(Data for review):
•••

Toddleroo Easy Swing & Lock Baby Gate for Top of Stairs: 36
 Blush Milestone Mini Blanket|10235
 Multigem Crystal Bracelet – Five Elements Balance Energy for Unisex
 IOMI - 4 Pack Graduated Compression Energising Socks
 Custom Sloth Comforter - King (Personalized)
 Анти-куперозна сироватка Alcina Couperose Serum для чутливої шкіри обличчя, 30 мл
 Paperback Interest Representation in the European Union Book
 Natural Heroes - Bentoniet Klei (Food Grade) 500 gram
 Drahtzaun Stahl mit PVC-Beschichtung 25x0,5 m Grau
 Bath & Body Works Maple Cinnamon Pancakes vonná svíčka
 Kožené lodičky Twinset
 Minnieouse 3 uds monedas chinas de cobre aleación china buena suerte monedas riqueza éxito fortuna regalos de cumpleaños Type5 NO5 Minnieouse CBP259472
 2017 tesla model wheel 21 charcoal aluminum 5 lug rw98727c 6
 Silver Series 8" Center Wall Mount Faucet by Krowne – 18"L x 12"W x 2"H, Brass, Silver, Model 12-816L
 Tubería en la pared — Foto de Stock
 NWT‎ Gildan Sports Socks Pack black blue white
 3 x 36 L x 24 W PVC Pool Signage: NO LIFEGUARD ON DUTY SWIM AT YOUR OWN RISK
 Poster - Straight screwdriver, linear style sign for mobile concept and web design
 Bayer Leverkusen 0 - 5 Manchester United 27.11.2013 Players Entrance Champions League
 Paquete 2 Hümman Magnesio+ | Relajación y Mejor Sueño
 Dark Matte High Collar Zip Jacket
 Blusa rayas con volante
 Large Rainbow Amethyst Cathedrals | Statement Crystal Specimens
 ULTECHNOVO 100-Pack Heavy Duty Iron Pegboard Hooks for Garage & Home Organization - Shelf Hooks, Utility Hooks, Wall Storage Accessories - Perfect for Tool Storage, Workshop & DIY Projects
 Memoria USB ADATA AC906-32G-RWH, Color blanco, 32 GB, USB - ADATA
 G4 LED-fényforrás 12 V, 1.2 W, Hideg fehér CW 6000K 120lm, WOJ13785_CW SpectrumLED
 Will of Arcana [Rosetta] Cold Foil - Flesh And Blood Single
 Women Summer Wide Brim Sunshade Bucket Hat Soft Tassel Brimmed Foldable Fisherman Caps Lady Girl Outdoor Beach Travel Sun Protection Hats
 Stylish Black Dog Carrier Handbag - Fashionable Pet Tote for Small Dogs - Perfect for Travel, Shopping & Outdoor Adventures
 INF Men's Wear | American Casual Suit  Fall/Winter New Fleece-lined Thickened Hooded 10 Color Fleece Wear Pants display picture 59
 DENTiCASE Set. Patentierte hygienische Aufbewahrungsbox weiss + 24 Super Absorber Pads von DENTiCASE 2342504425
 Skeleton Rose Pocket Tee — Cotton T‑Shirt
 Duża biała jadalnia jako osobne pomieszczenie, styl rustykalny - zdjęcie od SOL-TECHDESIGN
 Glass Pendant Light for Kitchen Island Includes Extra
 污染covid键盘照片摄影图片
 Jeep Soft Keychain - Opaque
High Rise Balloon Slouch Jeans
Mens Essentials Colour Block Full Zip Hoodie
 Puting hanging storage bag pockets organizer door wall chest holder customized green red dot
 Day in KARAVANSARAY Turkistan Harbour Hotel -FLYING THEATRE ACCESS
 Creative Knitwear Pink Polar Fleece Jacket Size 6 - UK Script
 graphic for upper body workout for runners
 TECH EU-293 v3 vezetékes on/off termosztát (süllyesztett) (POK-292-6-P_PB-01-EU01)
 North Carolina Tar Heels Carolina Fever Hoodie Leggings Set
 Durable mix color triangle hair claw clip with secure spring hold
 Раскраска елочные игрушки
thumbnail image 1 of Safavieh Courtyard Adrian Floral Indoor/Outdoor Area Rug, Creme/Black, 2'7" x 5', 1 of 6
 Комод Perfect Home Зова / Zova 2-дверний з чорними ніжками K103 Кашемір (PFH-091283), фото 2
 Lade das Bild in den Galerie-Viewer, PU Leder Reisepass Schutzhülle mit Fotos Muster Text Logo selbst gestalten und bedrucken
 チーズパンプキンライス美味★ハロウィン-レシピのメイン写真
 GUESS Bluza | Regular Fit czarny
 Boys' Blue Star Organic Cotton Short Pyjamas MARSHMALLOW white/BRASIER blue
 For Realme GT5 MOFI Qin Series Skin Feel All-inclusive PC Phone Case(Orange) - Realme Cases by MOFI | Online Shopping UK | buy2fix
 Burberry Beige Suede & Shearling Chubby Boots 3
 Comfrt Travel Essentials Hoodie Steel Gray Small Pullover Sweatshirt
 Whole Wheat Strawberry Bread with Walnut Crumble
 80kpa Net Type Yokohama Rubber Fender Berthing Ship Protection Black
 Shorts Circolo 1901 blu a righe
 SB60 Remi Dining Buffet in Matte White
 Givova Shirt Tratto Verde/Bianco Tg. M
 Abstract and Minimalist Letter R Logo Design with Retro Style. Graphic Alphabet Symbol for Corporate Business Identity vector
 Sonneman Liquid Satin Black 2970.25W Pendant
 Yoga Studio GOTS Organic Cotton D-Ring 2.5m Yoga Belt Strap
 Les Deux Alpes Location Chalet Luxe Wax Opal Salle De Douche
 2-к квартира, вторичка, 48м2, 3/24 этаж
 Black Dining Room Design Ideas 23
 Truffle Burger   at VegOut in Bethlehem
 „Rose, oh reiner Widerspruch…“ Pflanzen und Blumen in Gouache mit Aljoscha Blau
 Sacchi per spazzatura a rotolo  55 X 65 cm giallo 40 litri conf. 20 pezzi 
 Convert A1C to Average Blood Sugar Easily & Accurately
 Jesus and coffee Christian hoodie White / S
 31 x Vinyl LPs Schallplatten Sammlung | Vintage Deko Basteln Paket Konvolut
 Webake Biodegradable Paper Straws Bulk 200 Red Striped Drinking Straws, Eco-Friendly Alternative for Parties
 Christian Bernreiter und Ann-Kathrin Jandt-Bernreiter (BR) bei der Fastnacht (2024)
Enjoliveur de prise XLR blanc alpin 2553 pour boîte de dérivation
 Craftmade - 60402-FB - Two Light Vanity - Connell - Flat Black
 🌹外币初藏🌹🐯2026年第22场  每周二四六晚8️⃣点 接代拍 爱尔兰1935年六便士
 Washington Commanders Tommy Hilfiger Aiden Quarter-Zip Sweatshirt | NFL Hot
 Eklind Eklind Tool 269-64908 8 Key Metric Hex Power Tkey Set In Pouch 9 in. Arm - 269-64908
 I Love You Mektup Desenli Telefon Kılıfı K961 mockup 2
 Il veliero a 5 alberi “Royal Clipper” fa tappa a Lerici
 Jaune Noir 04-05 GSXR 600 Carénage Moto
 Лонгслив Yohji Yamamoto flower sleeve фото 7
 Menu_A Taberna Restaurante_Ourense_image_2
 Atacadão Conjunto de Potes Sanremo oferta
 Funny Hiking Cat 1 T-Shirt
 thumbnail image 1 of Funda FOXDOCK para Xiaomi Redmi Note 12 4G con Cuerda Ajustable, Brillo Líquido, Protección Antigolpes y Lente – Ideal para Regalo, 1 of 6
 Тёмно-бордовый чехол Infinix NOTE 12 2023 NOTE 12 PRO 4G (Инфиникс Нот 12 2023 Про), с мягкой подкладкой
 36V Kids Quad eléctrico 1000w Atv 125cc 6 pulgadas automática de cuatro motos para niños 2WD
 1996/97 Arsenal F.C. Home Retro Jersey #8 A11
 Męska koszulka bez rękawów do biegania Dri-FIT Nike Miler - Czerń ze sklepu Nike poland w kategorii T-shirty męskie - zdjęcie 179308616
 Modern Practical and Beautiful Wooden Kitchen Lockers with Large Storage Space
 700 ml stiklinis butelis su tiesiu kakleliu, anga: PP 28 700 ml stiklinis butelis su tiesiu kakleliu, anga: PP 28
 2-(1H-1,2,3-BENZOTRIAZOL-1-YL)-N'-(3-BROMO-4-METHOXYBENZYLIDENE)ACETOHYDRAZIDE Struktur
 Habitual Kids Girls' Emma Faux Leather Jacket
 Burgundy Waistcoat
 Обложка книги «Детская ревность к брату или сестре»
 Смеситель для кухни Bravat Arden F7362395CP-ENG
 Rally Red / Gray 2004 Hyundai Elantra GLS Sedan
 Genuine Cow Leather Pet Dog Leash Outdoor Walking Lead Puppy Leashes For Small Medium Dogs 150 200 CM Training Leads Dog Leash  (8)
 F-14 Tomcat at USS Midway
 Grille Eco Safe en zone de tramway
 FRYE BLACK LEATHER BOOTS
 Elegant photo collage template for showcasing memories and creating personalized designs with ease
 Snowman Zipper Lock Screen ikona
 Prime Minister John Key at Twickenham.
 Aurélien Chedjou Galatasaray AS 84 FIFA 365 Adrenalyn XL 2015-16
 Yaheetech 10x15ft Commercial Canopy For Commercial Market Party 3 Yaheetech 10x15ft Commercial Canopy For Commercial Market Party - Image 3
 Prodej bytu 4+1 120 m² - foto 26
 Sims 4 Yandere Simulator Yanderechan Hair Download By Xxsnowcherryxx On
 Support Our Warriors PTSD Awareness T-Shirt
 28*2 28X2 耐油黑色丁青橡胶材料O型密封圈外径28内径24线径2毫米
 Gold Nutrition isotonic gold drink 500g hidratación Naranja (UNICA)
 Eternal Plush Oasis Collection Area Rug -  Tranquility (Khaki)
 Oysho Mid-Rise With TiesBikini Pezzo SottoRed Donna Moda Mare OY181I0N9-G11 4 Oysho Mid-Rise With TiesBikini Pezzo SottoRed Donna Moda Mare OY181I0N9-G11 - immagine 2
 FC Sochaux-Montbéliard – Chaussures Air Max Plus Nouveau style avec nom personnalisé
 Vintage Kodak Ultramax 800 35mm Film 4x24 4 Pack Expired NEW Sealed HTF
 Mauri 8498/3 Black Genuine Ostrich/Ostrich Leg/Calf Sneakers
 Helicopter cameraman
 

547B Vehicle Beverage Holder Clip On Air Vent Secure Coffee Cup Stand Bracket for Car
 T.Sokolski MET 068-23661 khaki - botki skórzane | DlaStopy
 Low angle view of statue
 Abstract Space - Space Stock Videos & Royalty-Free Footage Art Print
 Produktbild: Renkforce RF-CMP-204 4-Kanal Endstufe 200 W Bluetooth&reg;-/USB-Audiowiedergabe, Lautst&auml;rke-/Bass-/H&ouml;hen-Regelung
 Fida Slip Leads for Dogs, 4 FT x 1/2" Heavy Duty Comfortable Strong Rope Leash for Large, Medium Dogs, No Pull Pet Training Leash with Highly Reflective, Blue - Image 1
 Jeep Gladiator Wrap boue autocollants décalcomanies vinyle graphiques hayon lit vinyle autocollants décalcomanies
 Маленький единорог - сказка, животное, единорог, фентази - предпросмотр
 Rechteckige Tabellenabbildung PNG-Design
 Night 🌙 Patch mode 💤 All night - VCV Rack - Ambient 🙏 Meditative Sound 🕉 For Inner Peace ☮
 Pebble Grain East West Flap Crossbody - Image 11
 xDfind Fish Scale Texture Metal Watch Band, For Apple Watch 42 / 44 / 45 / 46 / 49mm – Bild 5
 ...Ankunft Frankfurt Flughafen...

•••

(Your instructions): Beginning with the line that has "Анти-куперозна сироватка Alcina" and ending with the line that has "Bath & Body", set down the lines above exactly and include no others.

(Written response):
 Анти-куперозна сироватка Alcina Couperose Serum для чутливої шкіри обличчя, 30 мл
 Paperback Interest Representation in the European Union Book
 Natural Heroes - Bentoniet Klei (Food Grade) 500 gram
 Drahtzaun Stahl mit PVC-Beschichtung 25x0,5 m Grau
 Bath & Body Works Maple Cinnamon Pancakes vonná svíčka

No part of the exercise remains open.